*Prompt*
This exercise asks for the records to be retyped exactly as they read.
___ Exercise input ___
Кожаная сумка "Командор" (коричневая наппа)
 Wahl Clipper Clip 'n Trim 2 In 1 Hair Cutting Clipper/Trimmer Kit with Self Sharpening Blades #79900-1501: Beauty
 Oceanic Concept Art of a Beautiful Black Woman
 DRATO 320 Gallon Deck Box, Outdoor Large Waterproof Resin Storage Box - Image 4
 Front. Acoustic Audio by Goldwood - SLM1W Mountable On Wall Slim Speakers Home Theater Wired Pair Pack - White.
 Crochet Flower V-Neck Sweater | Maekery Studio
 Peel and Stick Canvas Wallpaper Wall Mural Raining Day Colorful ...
___
*Output for this task*
Кожаная сумка "Командор" (коричневая наппа)
 Wahl Clipper Clip 'n Trim 2 In 1 Hair Cutting Clipper/Trimmer Kit with Self Sharpening Blades #79900-1501: Beauty
 Oceanic Concept Art of a Beautiful Black Woman
 DRATO 320 Gallon Deck Box, Outdoor Large Waterproof Resin Storage Box - Image 4
 Front. Acoustic Audio by Goldwood - SLM1W Mountable On Wall Slim Speakers Home Theater Wired Pair Pack - White.
 Crochet Flower V-Neck Sweater | Maekery Studio
 Peel and Stick Canvas Wallpaper Wall Mural Raining Day Colorful ...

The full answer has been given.